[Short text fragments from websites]
# # # #
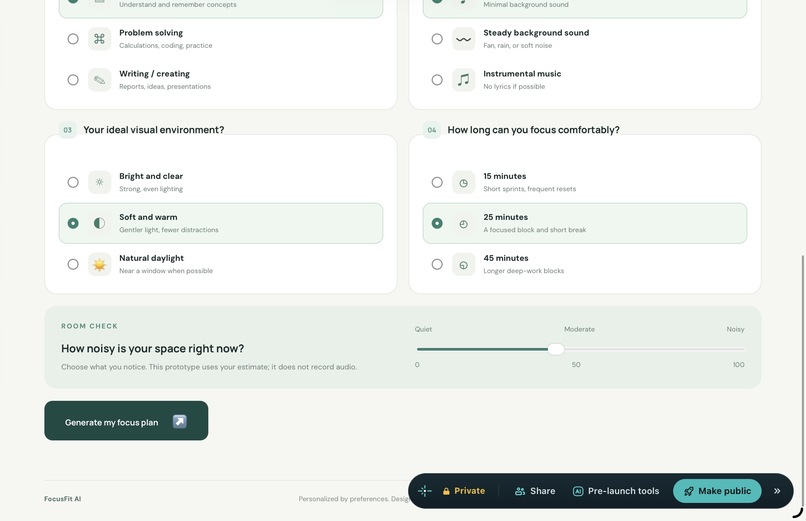 Focus fit AI: study space ,tuned to you – screenshot 3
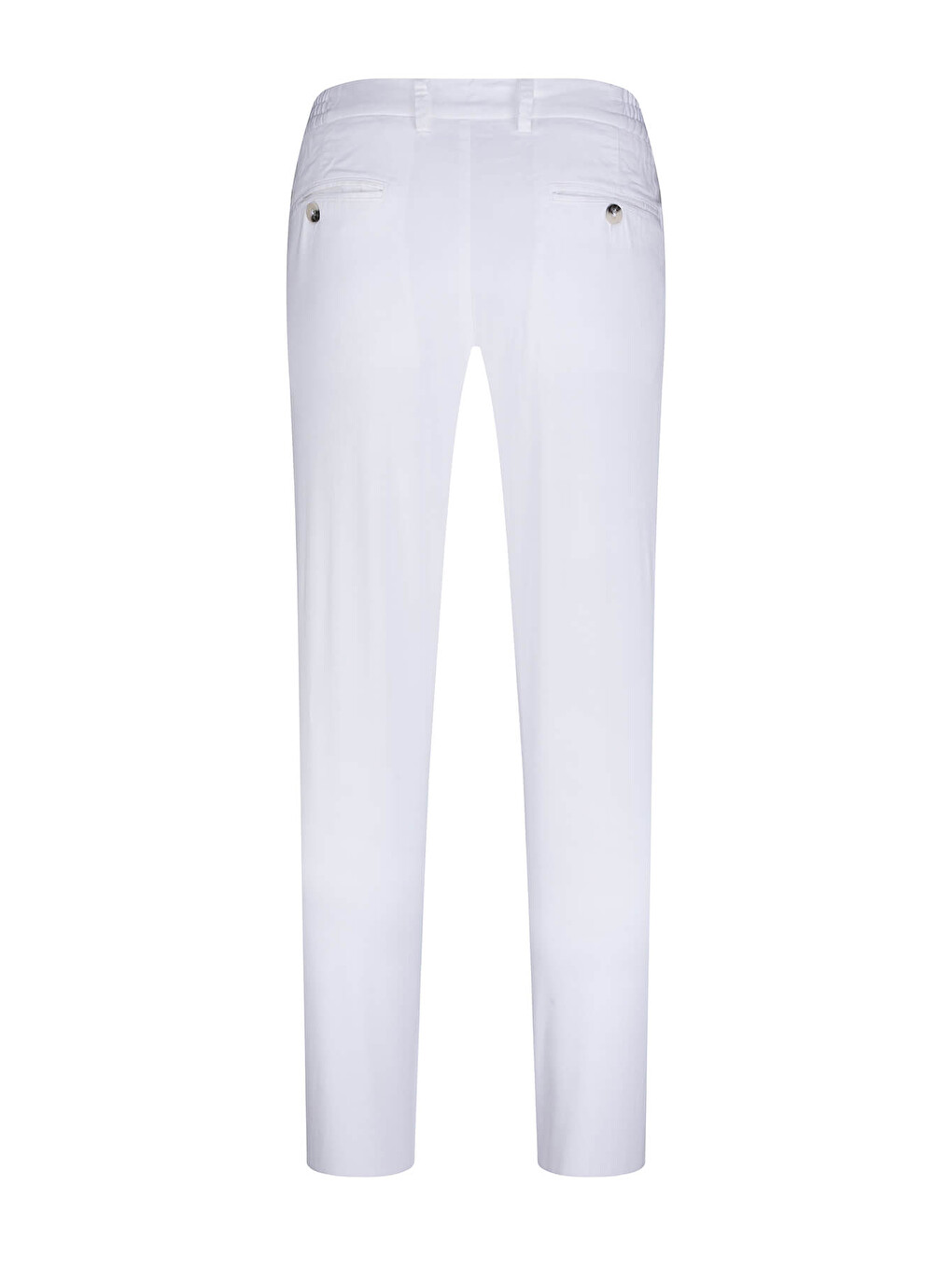 Beyaz Rahat Kesim Yandan Cepli Jogger Pantolon-2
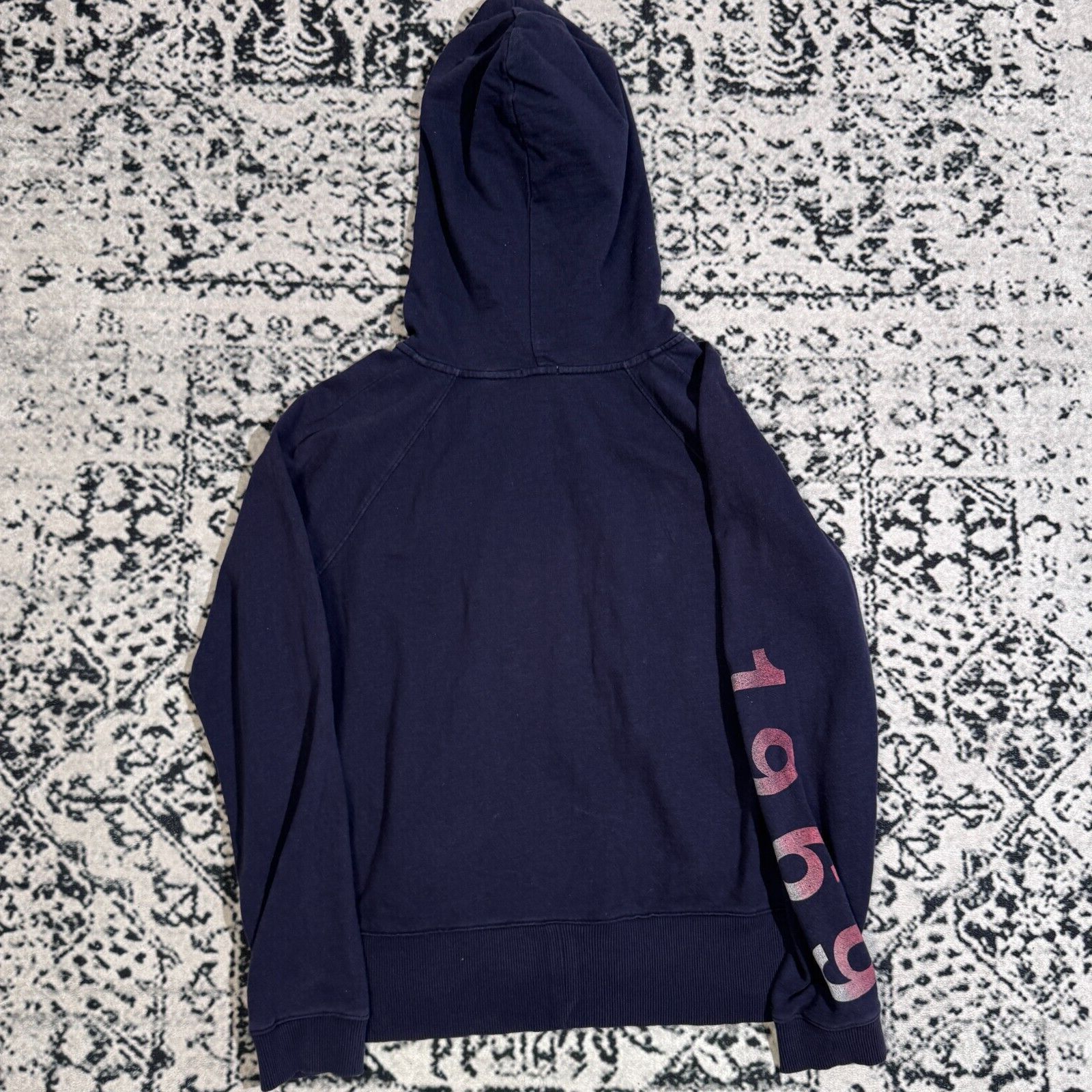 Gap × Vintage Vintage Gap Unisex Navy Blue Cotton Hoodie Zip Size XL 90s Size US XL / EU 56 / 4 - 10 Thumbnail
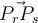 \vec{P_rP_s}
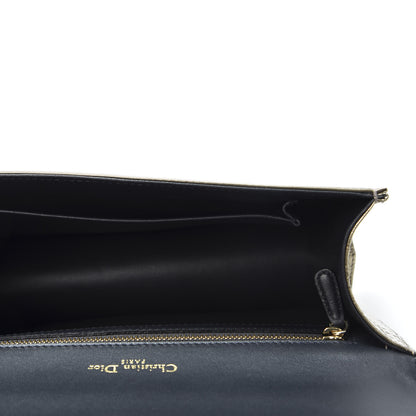 Christian Dior Metallic Patent Micro-Cannage Medium Diorama Flap Bag Gold 4 of 8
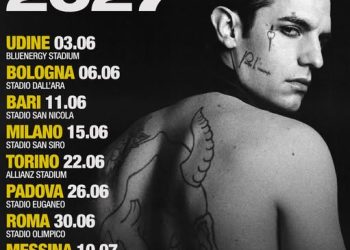 Per Achille Lauro 8 nuovi concerti negli stadi nel 2027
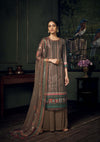 Brown Pashmina Kurtha Piece for winter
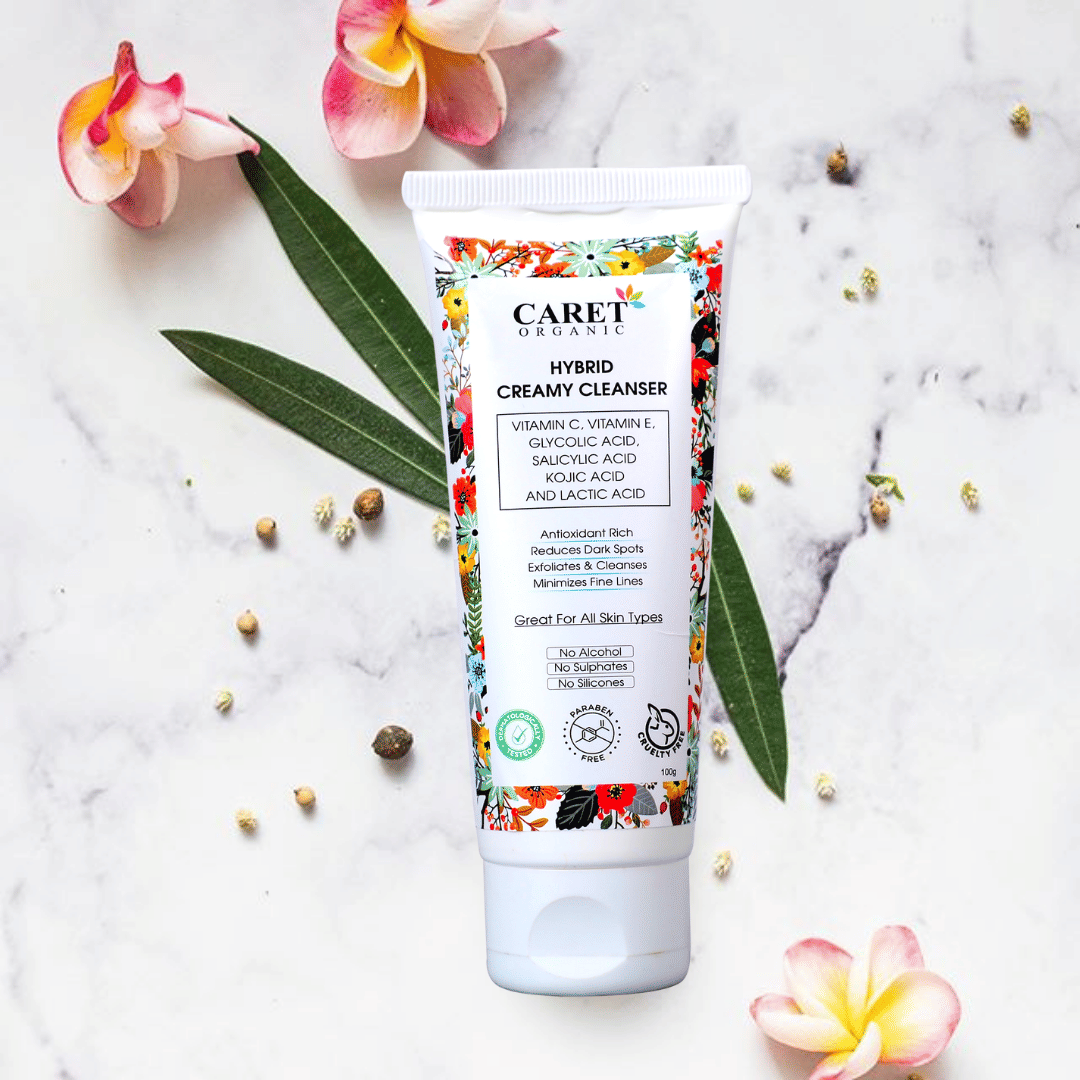 Caret Organic - No Sulphate, Paraben Or Alcohol Hybrid Cream Face Wash - Vitamin C Face Wash 100 mL Caret Organic - No Sulphate, Paraben Or Alcohol Hybrid Cream Face Wash - Vitamin C Face Wash 100 mL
# # # #
◆ Aim of the exercise ◆
All lines above from the one containing "Beyaz Rahat Kesim" up to and including the one containing "Brown Pashmina Kurtha Piece for winter" are to be set down exactly, and nothing else. Leave images out.

◆ Answer section ◆
 Beyaz Rahat Kesim Yandan Cepli Jogger Pantolon-2
 Gap × Vintage Vintage Gap Unisex Navy Blue Cotton Hoodie Zip Size XL 90s Size US XL / EU 56 / 4 - 10 Thumbnail
 \vec{P_rP_s}
 Christian Dior Metallic Patent Micro-Cannage Medium Diorama Flap Bag Gold 4 of 8
 Per Achille Lauro 8 nuovi concerti negli stadi nel 2027
 Brown Pashmina Kurtha Piece for winter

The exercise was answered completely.